Imagine that the typical Sarah Palin fan has a household income of $37,500. I’d be willing to bet a lot of them who show up at rallies make under that amount. But let’s pretend that is the average amount.

By that measure, the Sarah Palin clan has received in clothes, hair, and makeup FOUR YEARS worth in salary in September alone.

I suppose in the spirit of wanting your president and vice president to know more than you do, you should want them to spend more on clothes than you do. And it’s fair to say everyone who ran for president, including Barack Obama and Joe Biden, spend more on clothes than I do. Even Dennis Kucinich spends more than me.

It can be seen as more hypocritical because she is running as a “hockey mom.” And there are legitimate cries that men undervalue what women spend to look beautiful, and women are subject to harsher criticism on their appearance.

But $150,000?? There was a picture of young Piper, in the second grade, carrying a Louis Vuitton bag, just like all the other 7-year-olds on the playground in Alaska. Trig got a $92 jumper out of the deal.

And Todd got $4,902.08 worth of clothes in the deal. Why? Why did the children get clothes? Sarah Palin is the candidate, not them.

The Republican National Committee spent $75,062 at Neiman Marcus and $49,425 at Saks Fifth Avenue.

There was a TV show before my time called “Queen for a Day.” The idea behind the show was that four ordinary housewives (this was the 1950s) told sob stories, and the best (or worst) won lovely prizes.
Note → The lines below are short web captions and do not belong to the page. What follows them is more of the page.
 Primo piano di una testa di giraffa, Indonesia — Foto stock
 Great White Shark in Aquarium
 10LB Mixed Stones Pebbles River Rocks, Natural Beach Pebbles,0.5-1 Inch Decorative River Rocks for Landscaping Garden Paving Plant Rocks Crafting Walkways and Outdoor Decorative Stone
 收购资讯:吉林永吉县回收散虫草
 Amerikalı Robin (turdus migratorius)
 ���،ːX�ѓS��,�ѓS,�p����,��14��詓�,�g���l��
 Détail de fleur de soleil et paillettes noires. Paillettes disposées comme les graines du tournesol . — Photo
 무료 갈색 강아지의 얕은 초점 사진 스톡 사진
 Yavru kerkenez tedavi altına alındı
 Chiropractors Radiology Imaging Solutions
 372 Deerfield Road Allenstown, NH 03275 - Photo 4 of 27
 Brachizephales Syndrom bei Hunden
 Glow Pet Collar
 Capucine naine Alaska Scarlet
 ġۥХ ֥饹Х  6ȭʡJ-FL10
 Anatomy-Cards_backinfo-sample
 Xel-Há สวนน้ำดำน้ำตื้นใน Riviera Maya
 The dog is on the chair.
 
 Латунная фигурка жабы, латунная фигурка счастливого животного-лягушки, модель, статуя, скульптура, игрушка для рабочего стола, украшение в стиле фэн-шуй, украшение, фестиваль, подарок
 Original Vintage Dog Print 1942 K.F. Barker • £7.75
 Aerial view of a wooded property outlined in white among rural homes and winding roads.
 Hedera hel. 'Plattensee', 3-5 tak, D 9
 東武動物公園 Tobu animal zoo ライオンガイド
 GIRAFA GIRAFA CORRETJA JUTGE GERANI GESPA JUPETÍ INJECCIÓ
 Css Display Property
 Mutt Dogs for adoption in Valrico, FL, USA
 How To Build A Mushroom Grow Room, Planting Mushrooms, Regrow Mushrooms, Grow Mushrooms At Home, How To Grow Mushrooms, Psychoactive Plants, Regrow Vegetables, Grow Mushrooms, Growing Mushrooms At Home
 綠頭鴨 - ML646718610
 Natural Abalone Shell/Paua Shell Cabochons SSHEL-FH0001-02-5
Palin has been “Queen for Two Months” and has received much more than a refrigerator or a washer/dryer set (regardless of whether the clothes are “donated” to charity).

But “Queen for a Day” was set up for people who were struggling, where they had to sacrifice dignity for a major household appliance. And these were people making a lot less than the 1956 equivalent of $37,500.

The federal budget is a lot bigger than the budgets of the voters. But a typical housewife, househusband, or multiple full-time worker setup knows tricks to get everyday needs met for less. Wait for store sales, hit resale shops, garage sales, or estate sales, shop at discount retail places, go to outlet stores (especially before gas prices shot up), and of course, hand-me-downs.

Perhaps the Palin family jumper had worn out by the time Piper wore it, and it needed to be replaced by the RNC.

I would like to see a politician take a “coupon queen” or some equivalent, and use that person to attack the budget. True, presidents don’t have line-item veto power. But perhaps shame can rain down on Congress.

Conservatives and liberals can agree that our deficits and debts are mind-numbingly out of control, and that we don’t spend money well as a country.

Conservatives who love complaining about their taxes (but love paying for wars) should consider that interest on the debt is the THIRD LARGEST chunk of the federal budget. And liberals who want more money spent on domestic programs should scream when that large amount of money goes to interest on the debt.

So, the Republicans can say the expenses are justified, Obama and McCain can justify their suits and shoes, and even Cindy McCain can justify her outlandish outfit expense. But whichever one gets elected needs to take that scalpel to the federal budget. Average Americans already know how to do this.

Americans have to spend money wisely, making decisions on a daily or weekly basis on how to spend their paycheck. A presidential candidate in a $500 pair of shoes or a $1,500 suit, a vice presidential candidate in a $2,500 jacket, or a wife of a presidential candidate in a $300,000 outfit isn’t likely to understand where most Americans come from.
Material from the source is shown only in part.